Without the images, repeat every line of the listing verbatim.

--- DATA SEGMENT Enclosed Below ---

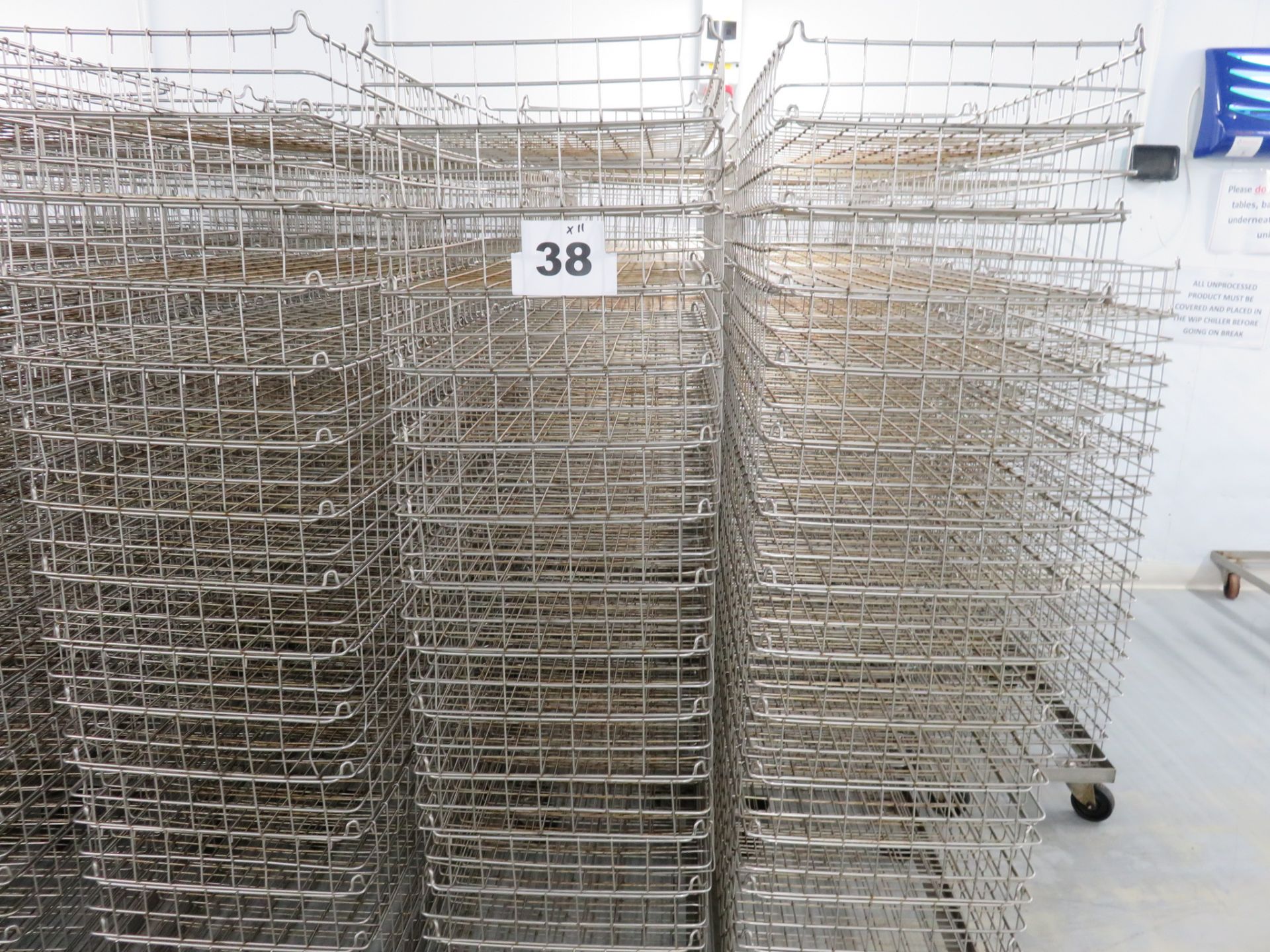 QUANTITY OF INTERLOCKING MESH BASKETS ON DOLLIES.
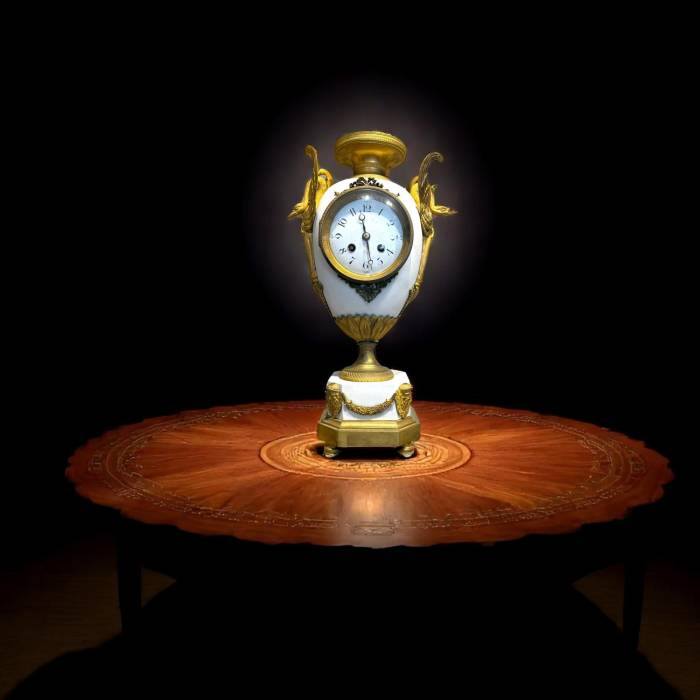 French Louis XVI Style biscuit and Gilt Bronze Mantel Clock, 19t Century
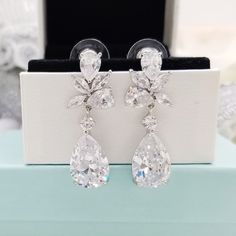 "⚠️⚠️⚠️ PLEASE MAKE SURE TO SEE THE PHOTO TO CHOOSE WHICH MESSAGE CARD NUMBER (#1-30) YOU WOULD LIKE ⚠️⚠️⚠️ SPECIFICATIONS: ♠ For Earrings * Metal Type : Rhodium plated * Material : Cubic Zirconia *Earrings Length : 1 5/16\" (3.4 cm) ♠ Message gift box * There is a white lining cushion behind the message card for added protection of the jewelry. * Box Size :2\" x 3\" * Box color : White, Kraft, Oatmeal, Jade Matte, Blue Ice Gloss, Forest Matte, Red Matte, Orchid Matte, Purple Matte, Navy Matte, White Cubic Zirconia Cluster Earrings For Party, Hypoallergenic Silver Diamond Earrings For Wedding, Hypoallergenic Silver Crystal Earrings For Wedding, Elegant Hypoallergenic Cluster Earrings For Wedding, Hypoallergenic Cubic Zirconia Crystal Earrings For Wedding, Hypoallergenic Cubic Zirconia Wedding Earrings, Silver Hypoallergenic Teardrop Earrings For Wedding, Hypoallergenic Dangle Diamond Earrings For Wedding, Hypoallergenic Cubic Zirconia Bridal Earrings For Wedding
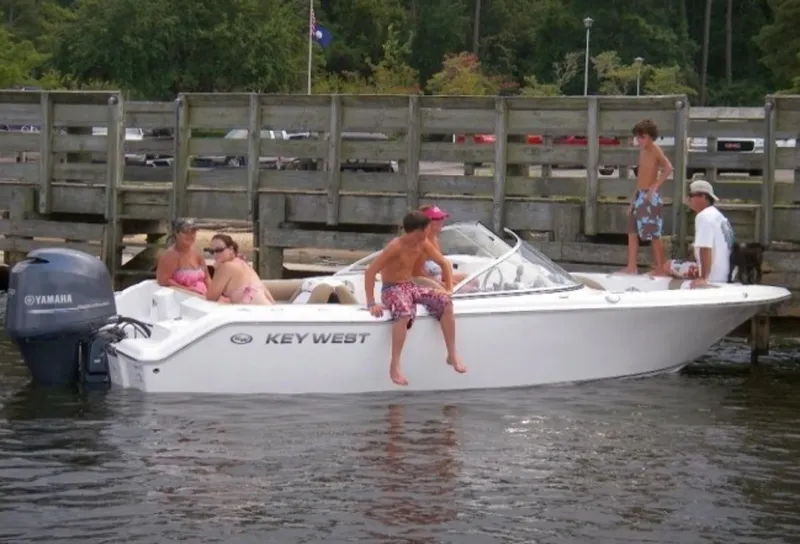 Slide: The Image of 2025 Key West 203 DFS boat with passengers docked by a wooden pier. - 1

--- End of Enclosed DATA SEGMENT ---

TASK ANSWER =>
 QUANTITY OF INTERLOCKING MESH BASKETS ON DOLLIES.
 French Louis XVI Style biscuit and Gilt Bronze Mantel Clock, 19t Century
 "⚠️⚠️⚠️ PLEASE MAKE SURE TO SEE THE PHOTO TO CHOOSE WHICH MESSAGE CARD NUMBER (#1-30) YOU WOULD LIKE ⚠️⚠️⚠️ SPECIFICATIONS: ♠ For Earrings * Metal Type : Rhodium plated * Material : Cubic Zirconia *Earrings Length : 1 5/16\" (3.4 cm) ♠ Message gift box * There is a white lining cushion behind the message card for added protection of the jewelry. * Box Size :2\" x 3\" * Box color : White, Kraft, Oatmeal, Jade Matte, Blue Ice Gloss, Forest Matte, Red Matte, Orchid Matte, Purple Matte, Navy Matte, White Cubic Zirconia Cluster Earrings For Party, Hypoallergenic Silver Diamond Earrings For Wedding, Hypoallergenic Silver Crystal Earrings For Wedding, Elegant Hypoallergenic Cluster Earrings For Wedding, Hypoallergenic Cubic Zirconia Crystal Earrings For Wedding, Hypoallergenic Cubic Zirconia Wedding Earrings, Silver Hypoallergenic Teardrop Earrings For Wedding, Hypoallergenic Dangle Diamond Earrings For Wedding, Hypoallergenic Cubic Zirconia Bridal Earrings For Wedding
 Slide: The Image of 2025 Key West 203 DFS boat with passengers docked by a wooden pier. - 1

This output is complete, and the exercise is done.